*Task brief*
Look below for the line with "10/20/30pcs diamond grinding" and the line with "Serviette De Plage". Copy exactly those two lines and every line between, but not the pictures.

*Records shown*

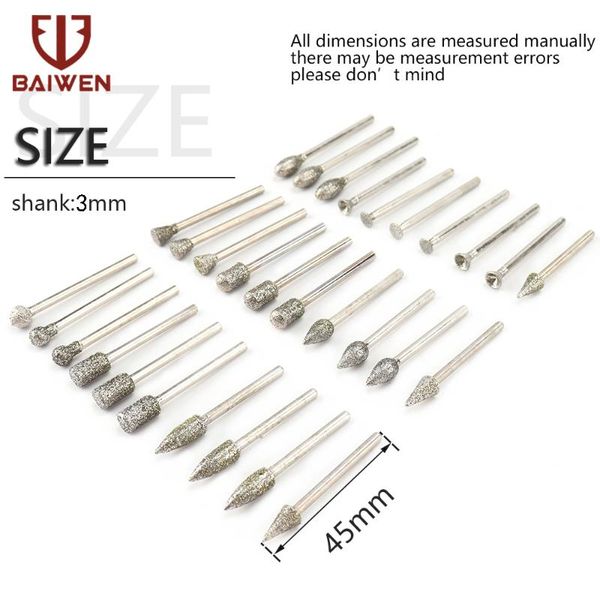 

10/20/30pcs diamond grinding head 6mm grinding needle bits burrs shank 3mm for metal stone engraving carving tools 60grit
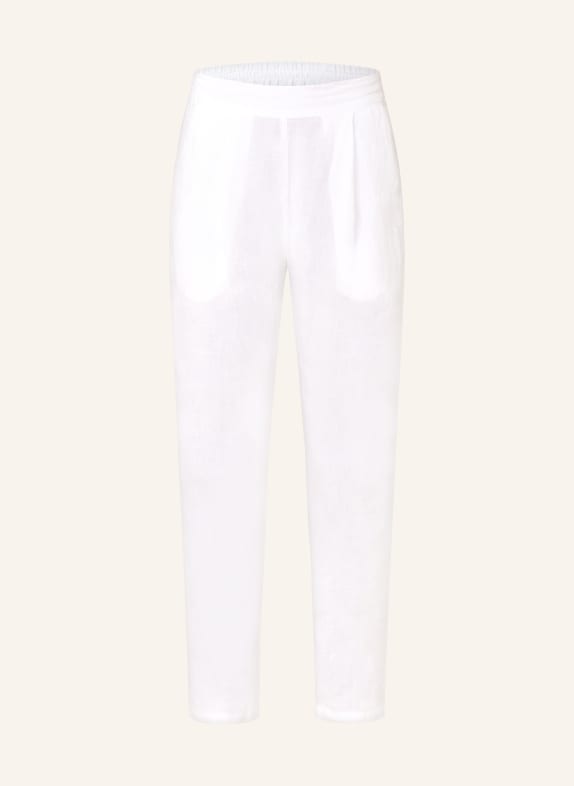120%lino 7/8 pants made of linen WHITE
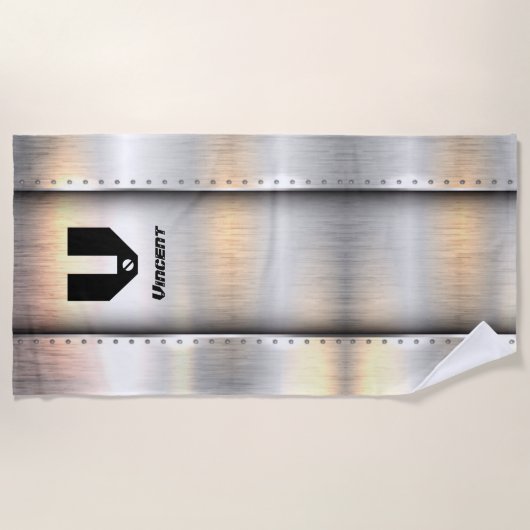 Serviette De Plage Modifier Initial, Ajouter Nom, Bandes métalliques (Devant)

...

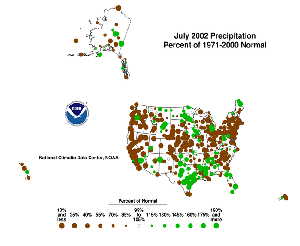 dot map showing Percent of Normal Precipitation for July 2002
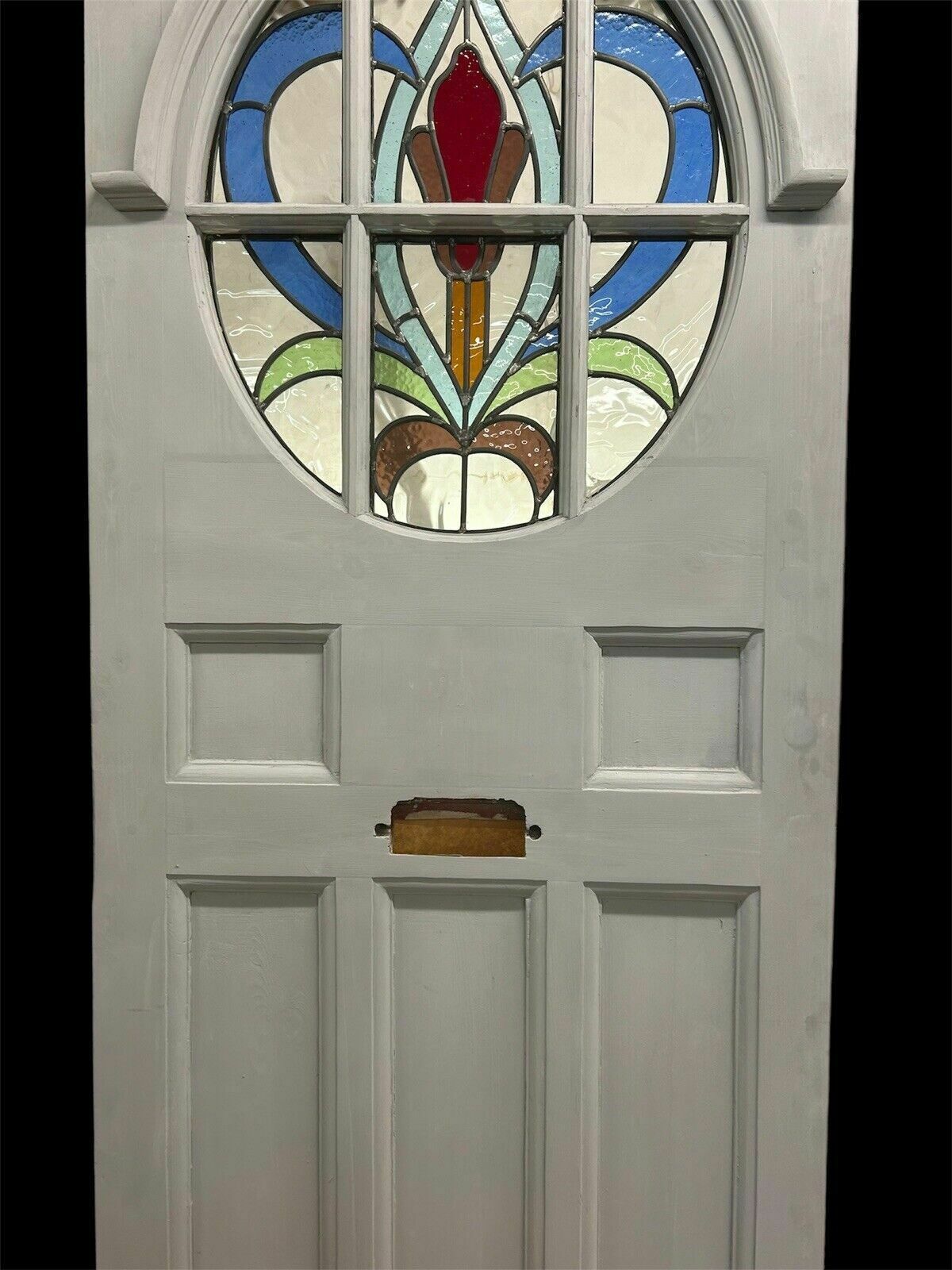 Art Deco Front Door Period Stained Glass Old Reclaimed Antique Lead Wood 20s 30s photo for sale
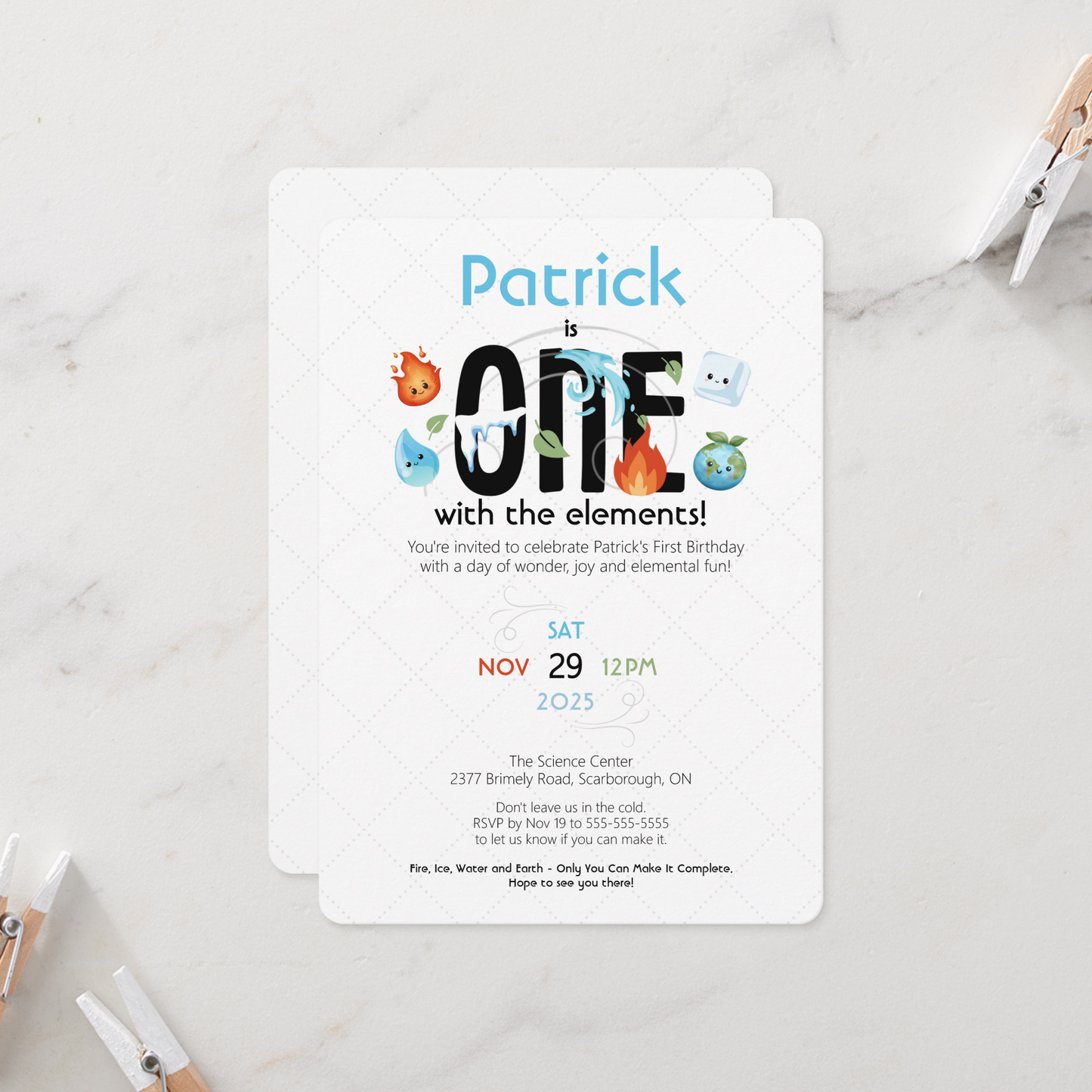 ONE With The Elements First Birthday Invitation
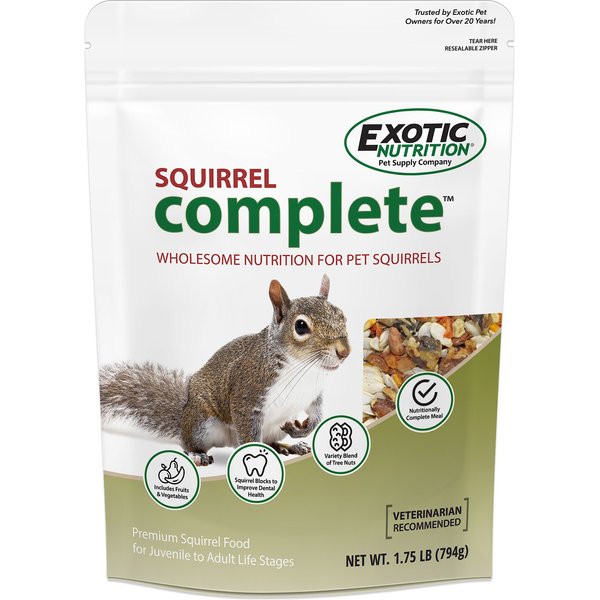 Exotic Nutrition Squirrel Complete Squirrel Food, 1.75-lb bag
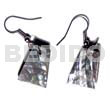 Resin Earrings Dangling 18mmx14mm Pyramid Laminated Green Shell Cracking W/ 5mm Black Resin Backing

* * *

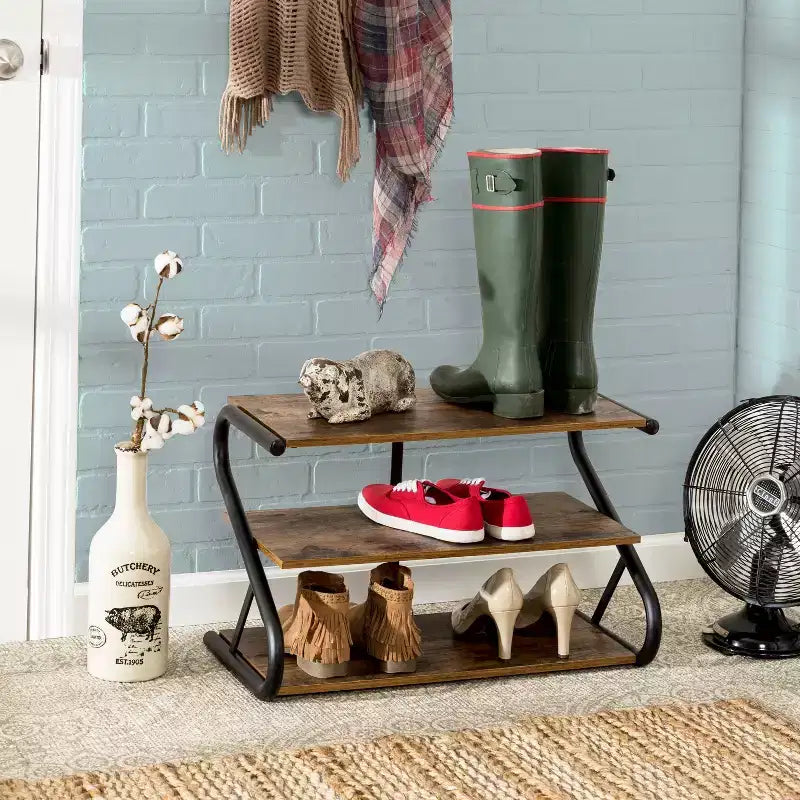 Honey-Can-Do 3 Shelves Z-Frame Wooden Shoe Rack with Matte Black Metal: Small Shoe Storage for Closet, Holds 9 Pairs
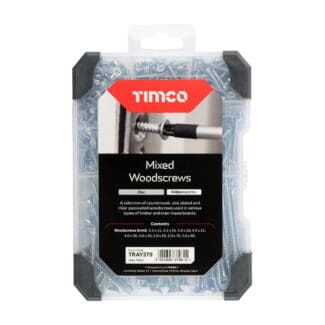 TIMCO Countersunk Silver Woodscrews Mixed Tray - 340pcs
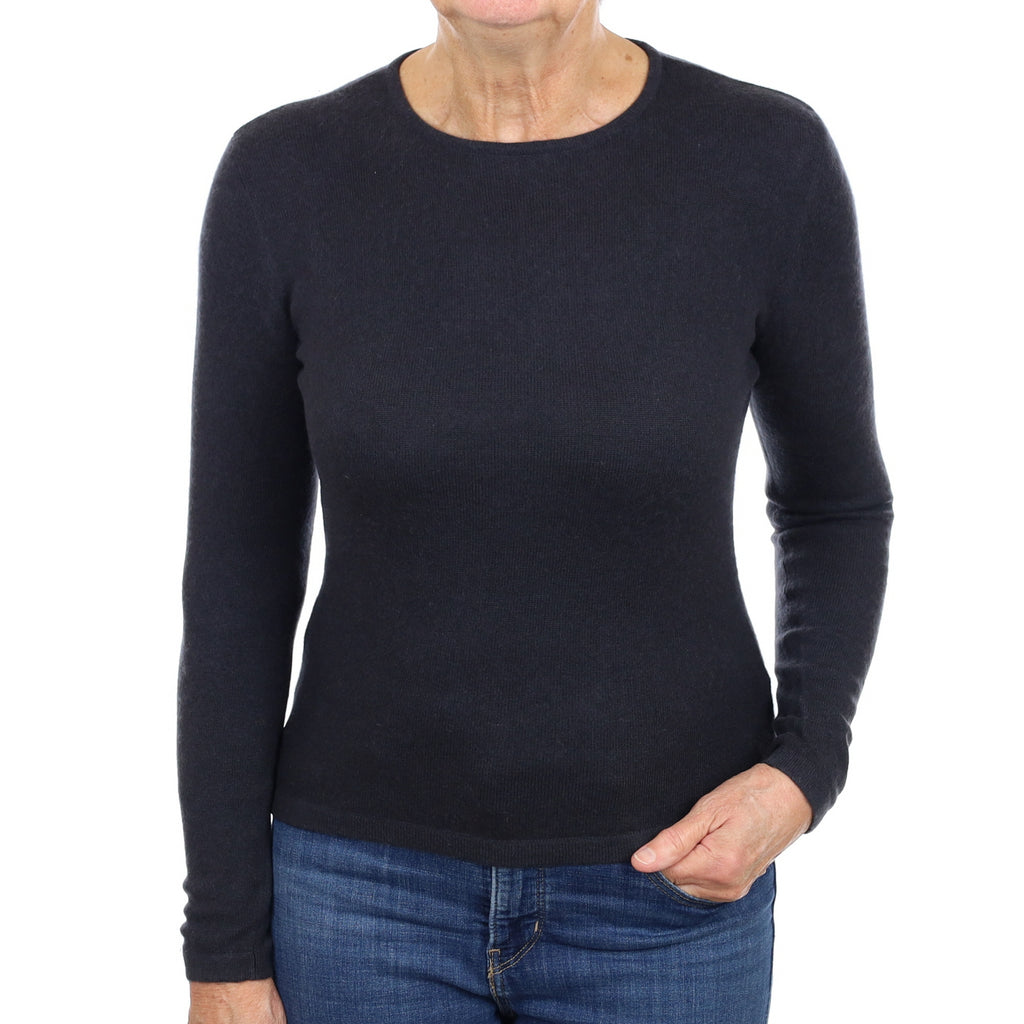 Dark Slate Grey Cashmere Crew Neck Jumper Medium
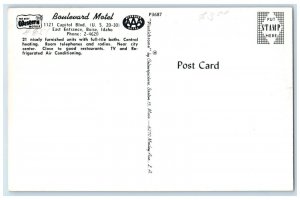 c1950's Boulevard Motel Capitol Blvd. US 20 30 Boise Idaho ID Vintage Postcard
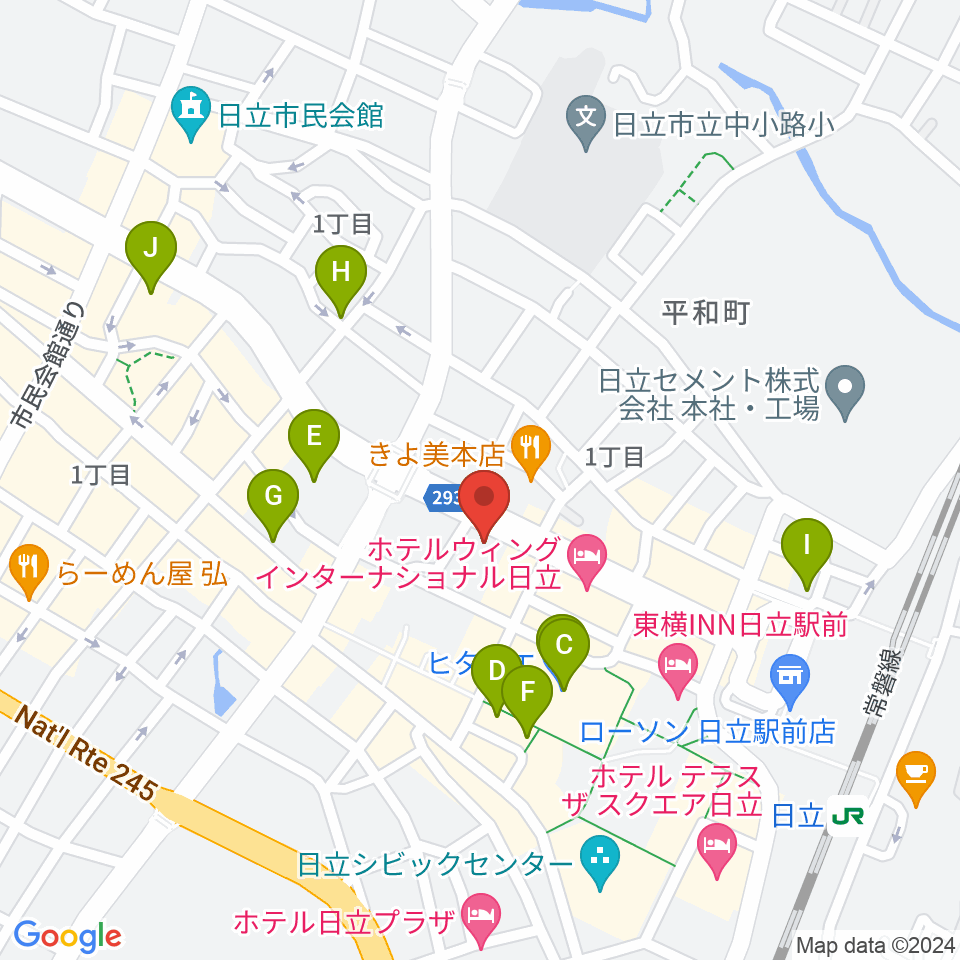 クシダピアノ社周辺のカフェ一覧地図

*Finished exercise*
10/20/30pcs diamond grinding head 6mm grinding needle bits burrs shank 3mm for metal stone engraving carving tools 60grit
120%lino 7/8 pants made of linen WHITE
 Serviette De Plage Modifier Initial, Ajouter Nom, Bandes métalliques (Devant)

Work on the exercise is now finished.